LOL, it was mostly tongue in cheek. I don't use a smart phone that much unless I'm on the road. I do like my laptop though. I take an art class and in the summer I love to garden and be outside.
I had someone in mind when referring to a person who doesn't use a computer. She is driving me mad! We've been trying to help her with her landline (landline is fine with me) but it's too high tech for her. Funny how people like her always want me to look up something on the internet (which they think is such a waste of time.)
I am having to get a new, more modern smart phone to expand my home business. I don't WANT to, really I don't. I am not a person who is tethered to their phone, nor do I EVER want to be. I am a technology "hold out" I guess you would say. But, it has become a necessity, and I must adjust because that's where the money, and technology it.

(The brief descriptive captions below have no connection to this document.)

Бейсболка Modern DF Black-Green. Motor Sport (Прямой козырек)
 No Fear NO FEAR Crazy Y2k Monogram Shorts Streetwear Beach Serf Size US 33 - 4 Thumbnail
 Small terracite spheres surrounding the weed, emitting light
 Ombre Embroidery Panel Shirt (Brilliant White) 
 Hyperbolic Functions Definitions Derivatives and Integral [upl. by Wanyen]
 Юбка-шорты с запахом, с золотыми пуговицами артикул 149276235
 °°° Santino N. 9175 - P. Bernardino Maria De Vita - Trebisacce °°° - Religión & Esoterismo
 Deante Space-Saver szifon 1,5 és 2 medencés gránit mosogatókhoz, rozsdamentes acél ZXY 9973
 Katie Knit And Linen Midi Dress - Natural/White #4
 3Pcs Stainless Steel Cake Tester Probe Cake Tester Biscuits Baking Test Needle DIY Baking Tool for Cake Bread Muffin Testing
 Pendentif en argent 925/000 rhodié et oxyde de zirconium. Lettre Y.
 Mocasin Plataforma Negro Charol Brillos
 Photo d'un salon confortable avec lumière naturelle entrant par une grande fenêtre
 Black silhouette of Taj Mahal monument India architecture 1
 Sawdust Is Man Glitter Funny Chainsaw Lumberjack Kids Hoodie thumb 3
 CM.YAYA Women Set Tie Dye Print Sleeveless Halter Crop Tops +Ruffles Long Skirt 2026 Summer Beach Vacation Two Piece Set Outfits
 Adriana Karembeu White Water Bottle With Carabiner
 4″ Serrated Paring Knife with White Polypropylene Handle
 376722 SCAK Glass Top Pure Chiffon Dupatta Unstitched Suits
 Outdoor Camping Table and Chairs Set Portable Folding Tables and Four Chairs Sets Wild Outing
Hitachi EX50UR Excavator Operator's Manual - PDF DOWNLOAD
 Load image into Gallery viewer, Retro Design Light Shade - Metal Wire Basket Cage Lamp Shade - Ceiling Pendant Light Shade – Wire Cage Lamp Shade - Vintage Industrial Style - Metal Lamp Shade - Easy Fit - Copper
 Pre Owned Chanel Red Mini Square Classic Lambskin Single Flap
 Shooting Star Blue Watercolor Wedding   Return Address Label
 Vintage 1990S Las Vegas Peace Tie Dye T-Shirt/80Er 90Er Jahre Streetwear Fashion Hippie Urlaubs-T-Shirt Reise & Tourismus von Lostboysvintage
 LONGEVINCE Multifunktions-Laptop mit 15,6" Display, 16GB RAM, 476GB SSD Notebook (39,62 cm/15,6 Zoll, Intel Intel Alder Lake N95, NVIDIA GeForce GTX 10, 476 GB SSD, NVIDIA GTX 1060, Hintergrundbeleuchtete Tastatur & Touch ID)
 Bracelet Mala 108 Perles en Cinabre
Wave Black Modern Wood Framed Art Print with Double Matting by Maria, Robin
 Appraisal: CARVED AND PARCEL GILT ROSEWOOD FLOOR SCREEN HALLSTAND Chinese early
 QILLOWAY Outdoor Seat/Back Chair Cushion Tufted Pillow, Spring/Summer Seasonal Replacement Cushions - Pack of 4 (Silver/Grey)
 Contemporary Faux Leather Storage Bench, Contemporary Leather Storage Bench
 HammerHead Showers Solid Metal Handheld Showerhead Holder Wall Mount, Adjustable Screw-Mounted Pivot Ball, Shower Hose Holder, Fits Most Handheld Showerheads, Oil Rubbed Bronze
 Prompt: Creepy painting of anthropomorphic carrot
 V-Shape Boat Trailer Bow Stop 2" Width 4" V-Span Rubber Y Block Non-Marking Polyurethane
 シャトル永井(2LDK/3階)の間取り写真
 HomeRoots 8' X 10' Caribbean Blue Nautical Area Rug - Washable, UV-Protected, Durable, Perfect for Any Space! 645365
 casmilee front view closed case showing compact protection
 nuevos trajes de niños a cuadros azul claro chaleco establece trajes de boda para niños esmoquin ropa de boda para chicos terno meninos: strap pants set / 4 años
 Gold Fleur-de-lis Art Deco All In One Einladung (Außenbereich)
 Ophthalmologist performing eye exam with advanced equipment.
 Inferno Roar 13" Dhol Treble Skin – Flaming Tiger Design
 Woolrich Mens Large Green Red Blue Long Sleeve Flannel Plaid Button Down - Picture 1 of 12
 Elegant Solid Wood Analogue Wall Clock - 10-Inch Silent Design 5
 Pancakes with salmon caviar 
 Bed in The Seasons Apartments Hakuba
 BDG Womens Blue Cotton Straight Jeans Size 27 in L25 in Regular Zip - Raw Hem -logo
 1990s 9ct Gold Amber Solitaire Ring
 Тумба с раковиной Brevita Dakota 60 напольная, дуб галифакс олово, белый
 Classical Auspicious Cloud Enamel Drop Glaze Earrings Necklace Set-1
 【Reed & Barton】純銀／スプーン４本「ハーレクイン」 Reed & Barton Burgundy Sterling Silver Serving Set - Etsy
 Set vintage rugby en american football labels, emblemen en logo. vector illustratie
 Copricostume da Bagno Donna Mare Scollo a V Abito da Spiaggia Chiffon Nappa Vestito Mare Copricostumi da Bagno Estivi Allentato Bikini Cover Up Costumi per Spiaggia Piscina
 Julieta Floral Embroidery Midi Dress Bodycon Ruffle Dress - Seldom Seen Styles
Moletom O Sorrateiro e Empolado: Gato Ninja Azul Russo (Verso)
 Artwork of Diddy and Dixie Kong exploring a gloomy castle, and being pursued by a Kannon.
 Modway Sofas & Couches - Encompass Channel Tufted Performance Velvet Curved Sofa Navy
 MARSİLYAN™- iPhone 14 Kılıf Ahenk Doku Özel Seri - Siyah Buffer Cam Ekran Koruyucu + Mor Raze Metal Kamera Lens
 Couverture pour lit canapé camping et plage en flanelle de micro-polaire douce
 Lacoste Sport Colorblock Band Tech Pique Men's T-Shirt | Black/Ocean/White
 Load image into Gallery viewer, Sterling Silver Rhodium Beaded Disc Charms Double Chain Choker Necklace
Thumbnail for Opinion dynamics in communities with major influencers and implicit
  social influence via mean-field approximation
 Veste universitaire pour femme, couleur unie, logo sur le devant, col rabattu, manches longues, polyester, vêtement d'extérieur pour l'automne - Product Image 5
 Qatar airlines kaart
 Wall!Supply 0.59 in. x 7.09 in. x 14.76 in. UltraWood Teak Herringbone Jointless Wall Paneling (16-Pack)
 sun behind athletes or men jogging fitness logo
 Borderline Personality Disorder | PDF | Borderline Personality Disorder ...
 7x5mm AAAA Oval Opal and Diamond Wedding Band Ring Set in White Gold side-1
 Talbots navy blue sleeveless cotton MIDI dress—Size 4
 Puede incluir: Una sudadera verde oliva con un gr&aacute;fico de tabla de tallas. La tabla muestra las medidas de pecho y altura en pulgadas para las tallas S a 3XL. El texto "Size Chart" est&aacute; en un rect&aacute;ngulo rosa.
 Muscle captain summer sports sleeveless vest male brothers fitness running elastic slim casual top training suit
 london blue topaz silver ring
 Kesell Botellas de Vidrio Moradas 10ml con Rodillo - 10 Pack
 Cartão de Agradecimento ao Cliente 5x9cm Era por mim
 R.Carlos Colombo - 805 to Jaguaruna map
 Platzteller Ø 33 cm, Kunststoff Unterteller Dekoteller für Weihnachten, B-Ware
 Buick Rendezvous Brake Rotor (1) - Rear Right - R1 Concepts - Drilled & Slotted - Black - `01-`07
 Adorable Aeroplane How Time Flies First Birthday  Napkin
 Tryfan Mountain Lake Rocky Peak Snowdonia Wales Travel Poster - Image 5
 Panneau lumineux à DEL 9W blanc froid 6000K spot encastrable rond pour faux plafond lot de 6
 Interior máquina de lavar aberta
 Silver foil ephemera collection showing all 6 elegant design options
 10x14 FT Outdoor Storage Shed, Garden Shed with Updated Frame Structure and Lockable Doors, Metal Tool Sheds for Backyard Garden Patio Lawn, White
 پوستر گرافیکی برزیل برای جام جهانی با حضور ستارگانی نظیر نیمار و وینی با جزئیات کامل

That being said, people need to get a perspective on their use of their phones. I recently left a hairstylist I have used for years because the last few times I went to her, I have not gotten a good haircut because as was cutting my hair, she was stopping every few minutes to "look" at her smart phone, and I'm not having that. Cut the ******* thing off when you are being paid to cut a clients hair, or whatever service you are providing, or risk losing business.
I'll be glad when I can retire to the "woods" and shut the blessed thing off for good. Think I will just chuck whatever phone I have at that time over the nearest cliff!